Television coverage of medical tourism was almost entirely focused on Asian countries (n = 63) (Table 2). The majority of medical concern in this media content was with cosmetic surgery (n = 20), stem-cell treatments (n = 15) and a variety of reproductive therapies (n = 13) including overseas surrogacy and gender-selective in-vitro fertilisation (IVF). Although there were several items about the controversial area of ‘transplant tourism’ (n = 9) more complex procedures and possible consequences, such as novel, drug-resistant infections that might be introduced by returning medical tourists (n = 2), were not well-represented overall in the dataset. Patients were the most common ‘news actors’ (individuals interviewed) (n = 69) to speak about medical tourism in television news and current affairs, over 80% of them female (n = 58). Among other news actors, ‘experts’ – medical specialists, researchers and scientists in relevant disciplines and representatives of the medical professions – featured heavily (n = 68), around half of them Australian. About three-quarters of the remaining expert commentators were from the LMIC contexts with which the television news items were concerned, the remainder being from other high-income nations. None of those involved directly in performing overseas procedures were Australian, but commentary from domestic professionals was often sought on, for example, the wisdom of travelling for medical treatment. Other stakeholders featured in television stories included medical tourism facilitators and representatives of overseas hospitals (n = 26), patients’ family members (n = 22), political actors in various locations (n = 8) and individuals from destination countries such as kidney donors (n = 13) and surrogate mothers (n = 2).

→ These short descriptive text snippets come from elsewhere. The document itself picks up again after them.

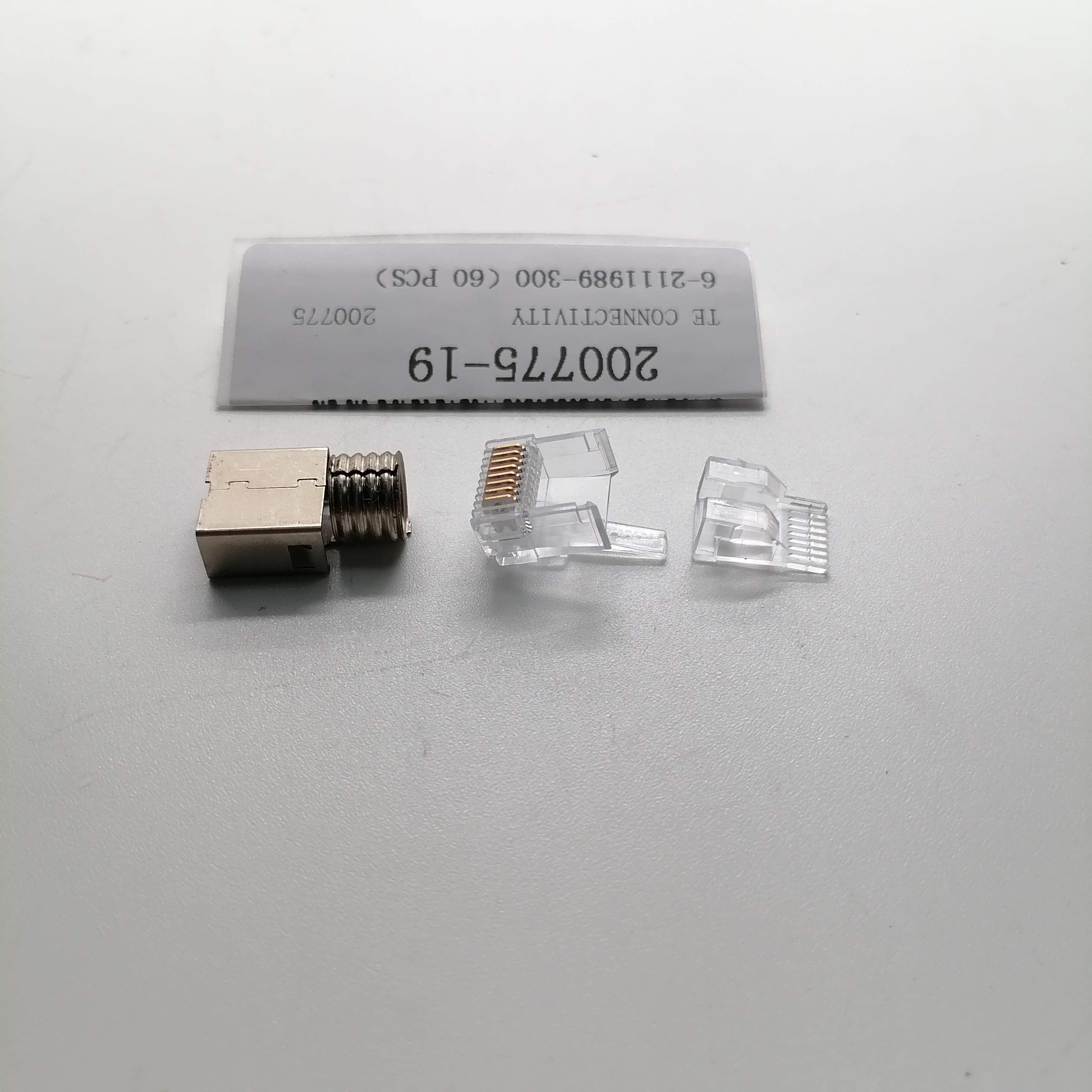 （Lots of 60 PCS）TE CONNECTIVITY Terminal 6-2111989-300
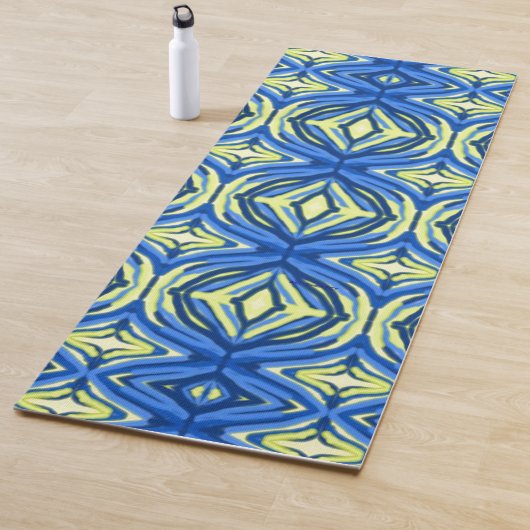 Tapis De Yoga Kaleidoscope bleu et jaune (En situation)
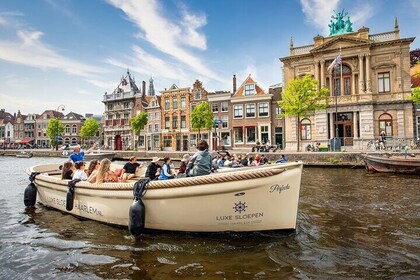 Haarlem Open Canal Tour with a real live guide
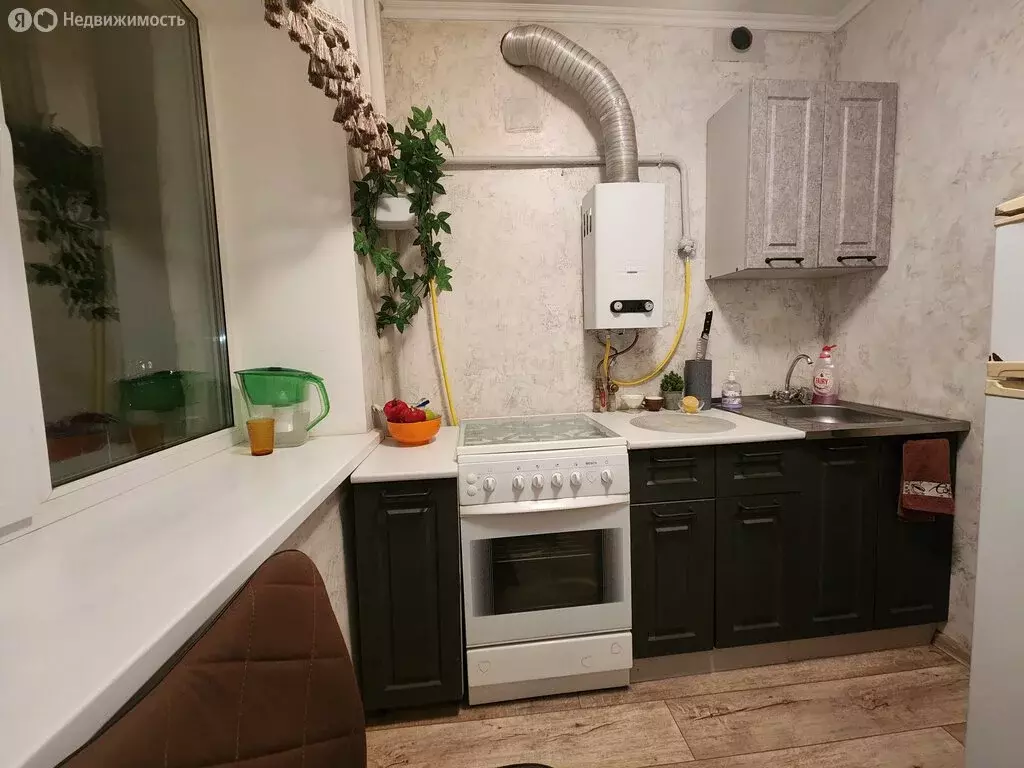 3-комнатная квартира: Великие Луки, улица Тимирязева, 17 (50.1 м) - Фото 1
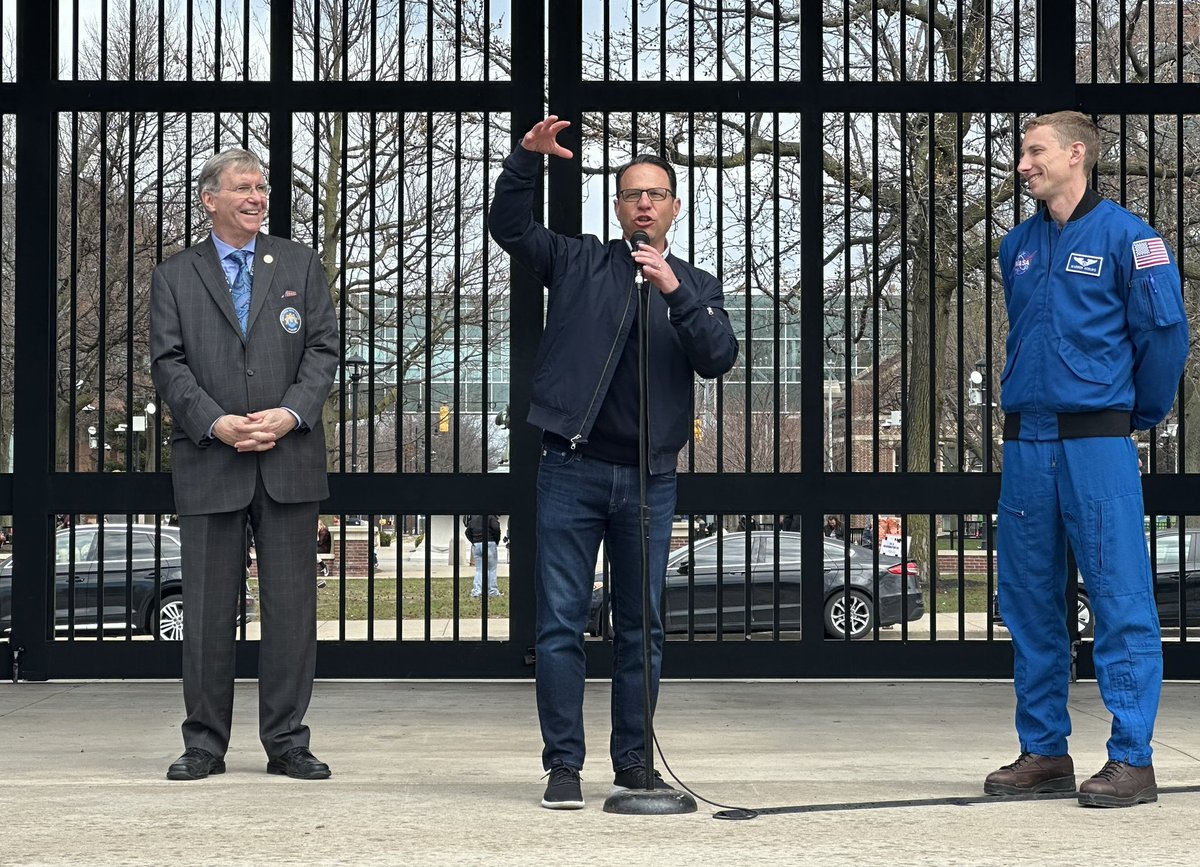 Josh Shapiro, PA governor talks to #Erie residents and tourists who arrived to the city to witness a total eclipse on April 8, 2024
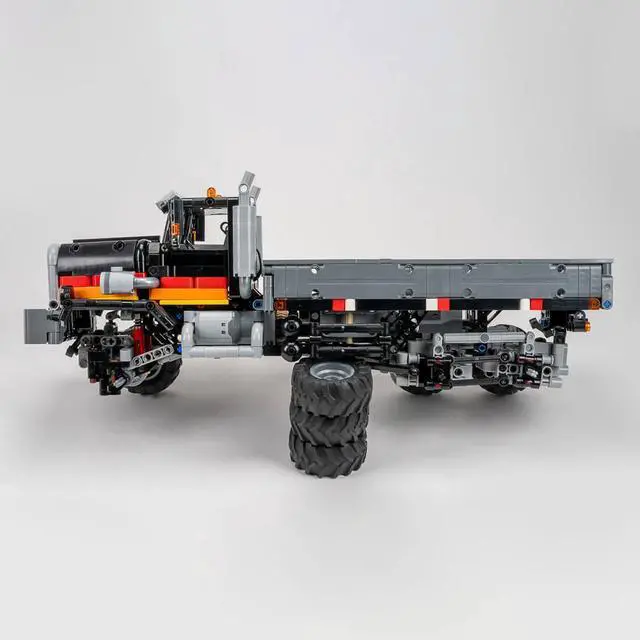 Alt view image 6 of 7 - ZITIANYOUBUILD MOC-219862 1/20 Scale American 6×6 Off-road Truck Building Blocks Set (1500PCS)
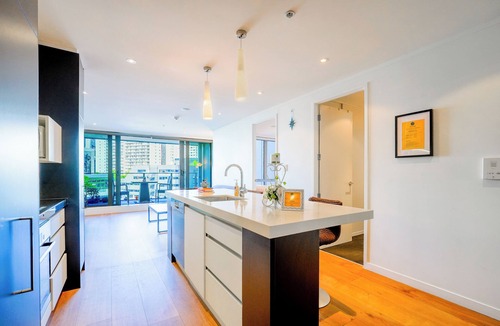 Newton Apartment | SugarTree Two Bedrooms Apartment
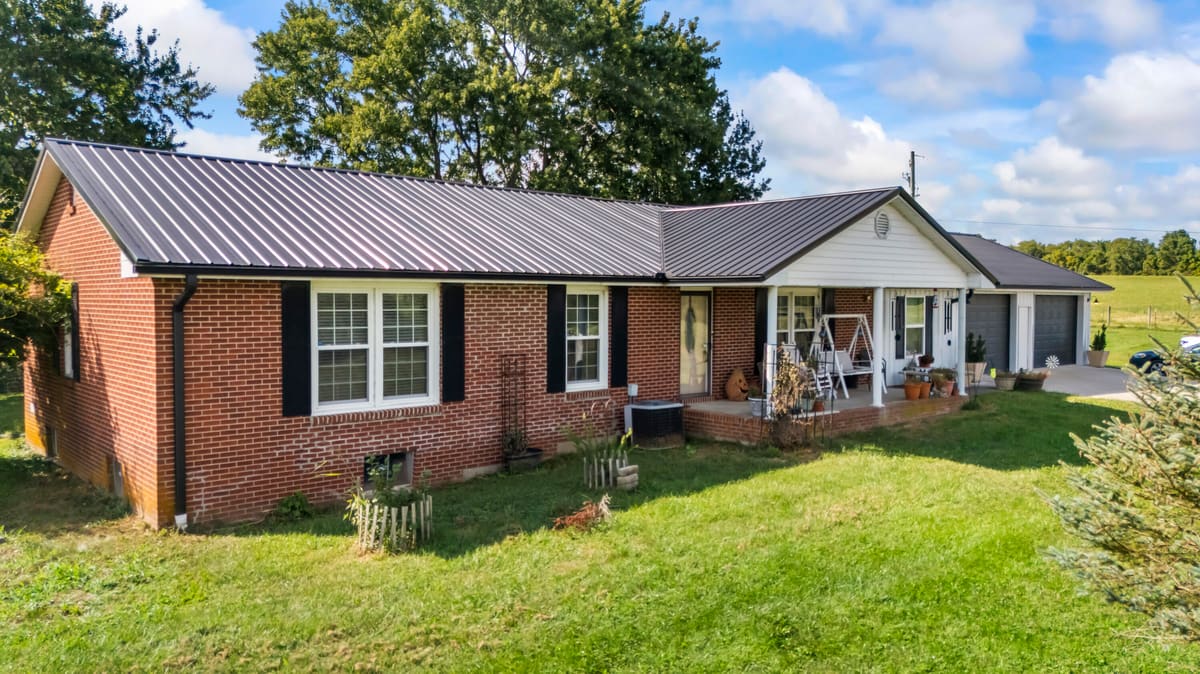 945 Veterans Memorial Highway, Sharpsburg, KY 40374 — primary photo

‘Access to services’ was most common among the attractions of medical tourism mentioned in the television dataset (referred to in 62.1% of stories). Subsequent appeals included low cost (36.4%), being able to ‘feel good’ (21.2%), the opportunity to travel (16.7%) and the lack of waiting time (13.6%). As to the characteristics of stories that gave credibility to medical tourism, personal testimonial was the most-used technique (referred to in 50% of stories), which is consistent with the large number of patient news actors. The number of international patients, or reference to an estimate of such figures, was also frequently cited to lend credence to the medical-tourism phenomenon or to a particular destination (42.4%). Finally, of the risks mentioned, ‘ethical dilemmas’ was the largest single category (referred to in 53% of stories). A sense of uncertainty about medical tourism – for instance, in relation to the quality of treatment, standard of practitioner qualification or sterility of equipment – also pervaded the television dataset (50%).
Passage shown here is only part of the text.